Yesterday I posted results from some MySQL benchmarks I had been doing on a large server. In this post I'd like to list 4 important fixes that were done to avoid bad performance:
- Linux swapping, NUMA: If you have more than 1 CPU socket, you will be using Non-Uniform Memory Allocation. Linux has a bad default strategy of allocating memory here, and it is easy to end up in a situation where you have many GB of free memory left, yet Linux is already swapping. Yes, seeing that happen will be very confusing! This problem has been investigated and explained brilliantly by Jeremy Cole. The solution is a one liner given at the end of his article.
- Swappiness: This is not a bug, just easy to forget, or easy to assume someone else already set this. By default, Linux will think it is a good idea to swap out some processes (especially MySQL, that consumes a lot of memory) in favor of the filesystem cache, so that your disk access becomes faster. This is a good idea in many cases, but not when you're running a database. So you should set
/etc/sysctl.conf. This was covered in Yoshinori's tutorial at the MySQL conference.
- Swappiness, Linux bug: On kernels prior to 2.6.28 (such as CentOS 5...) Linux will still swap out MySQL regardless of vm.swappiness, because the algorithm for balancing swapping and filesystem cache is stupid. The fix is to upgrade your kernel. A workaround is again offered by Yoshinori to those who can't upgrade: A perl script you can run from cron.

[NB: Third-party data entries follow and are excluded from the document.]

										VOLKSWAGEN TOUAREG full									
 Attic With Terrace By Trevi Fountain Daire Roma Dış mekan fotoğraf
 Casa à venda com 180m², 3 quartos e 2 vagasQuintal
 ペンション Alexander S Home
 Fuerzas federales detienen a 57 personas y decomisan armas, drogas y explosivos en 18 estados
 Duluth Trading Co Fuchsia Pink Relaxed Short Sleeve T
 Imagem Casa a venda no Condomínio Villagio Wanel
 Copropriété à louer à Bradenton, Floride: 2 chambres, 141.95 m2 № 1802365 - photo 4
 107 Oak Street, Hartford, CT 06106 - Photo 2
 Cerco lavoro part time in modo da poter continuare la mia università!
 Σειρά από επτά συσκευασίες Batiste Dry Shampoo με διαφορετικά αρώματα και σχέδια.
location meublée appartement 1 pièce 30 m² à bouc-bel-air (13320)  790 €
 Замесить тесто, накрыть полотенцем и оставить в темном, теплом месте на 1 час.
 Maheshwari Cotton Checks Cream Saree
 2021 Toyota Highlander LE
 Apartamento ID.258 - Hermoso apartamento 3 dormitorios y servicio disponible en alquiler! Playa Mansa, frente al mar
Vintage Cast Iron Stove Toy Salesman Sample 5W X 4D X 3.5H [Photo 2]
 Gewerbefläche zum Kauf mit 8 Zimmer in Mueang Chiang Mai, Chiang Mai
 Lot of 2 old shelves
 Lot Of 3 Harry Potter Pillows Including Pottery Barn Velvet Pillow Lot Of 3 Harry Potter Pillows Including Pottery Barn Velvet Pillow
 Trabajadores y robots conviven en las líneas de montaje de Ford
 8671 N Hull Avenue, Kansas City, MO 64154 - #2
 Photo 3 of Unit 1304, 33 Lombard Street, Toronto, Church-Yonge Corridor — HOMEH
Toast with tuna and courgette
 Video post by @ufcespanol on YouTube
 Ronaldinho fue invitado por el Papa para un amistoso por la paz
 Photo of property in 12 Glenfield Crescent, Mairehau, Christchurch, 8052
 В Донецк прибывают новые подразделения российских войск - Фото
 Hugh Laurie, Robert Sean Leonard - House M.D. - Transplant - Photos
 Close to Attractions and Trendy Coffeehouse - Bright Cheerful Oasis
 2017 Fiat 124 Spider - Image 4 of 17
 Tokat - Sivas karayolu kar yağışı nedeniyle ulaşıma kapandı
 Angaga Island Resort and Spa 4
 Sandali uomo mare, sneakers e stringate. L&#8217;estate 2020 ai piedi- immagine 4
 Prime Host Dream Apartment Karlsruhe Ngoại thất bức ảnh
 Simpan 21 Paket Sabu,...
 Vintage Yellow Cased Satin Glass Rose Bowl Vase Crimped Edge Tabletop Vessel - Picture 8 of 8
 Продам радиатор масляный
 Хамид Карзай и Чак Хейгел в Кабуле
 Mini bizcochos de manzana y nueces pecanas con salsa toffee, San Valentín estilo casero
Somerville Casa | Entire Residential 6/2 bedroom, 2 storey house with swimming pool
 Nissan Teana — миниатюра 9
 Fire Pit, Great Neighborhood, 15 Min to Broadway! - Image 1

- InnoDB contention on 100+ GB buffer pool: It seems that InnoDB performance will severely degrade under some conditions if your buffer pool is 100 GB or more (exact limit unknown). This was originally observed by Vadim. The contention is possibly triggered when your system has low latencies when writing to disk, or when using ext3. A workaround is to make the buffer pool smaller - 64 GB has been verified to work well.
I'd like to thank Jeremy Cole, Yoshinori Matsunobu and Vadim Tkachenko for sharing their experiences and making it easy to fix what would otherwise have been very difficult problems.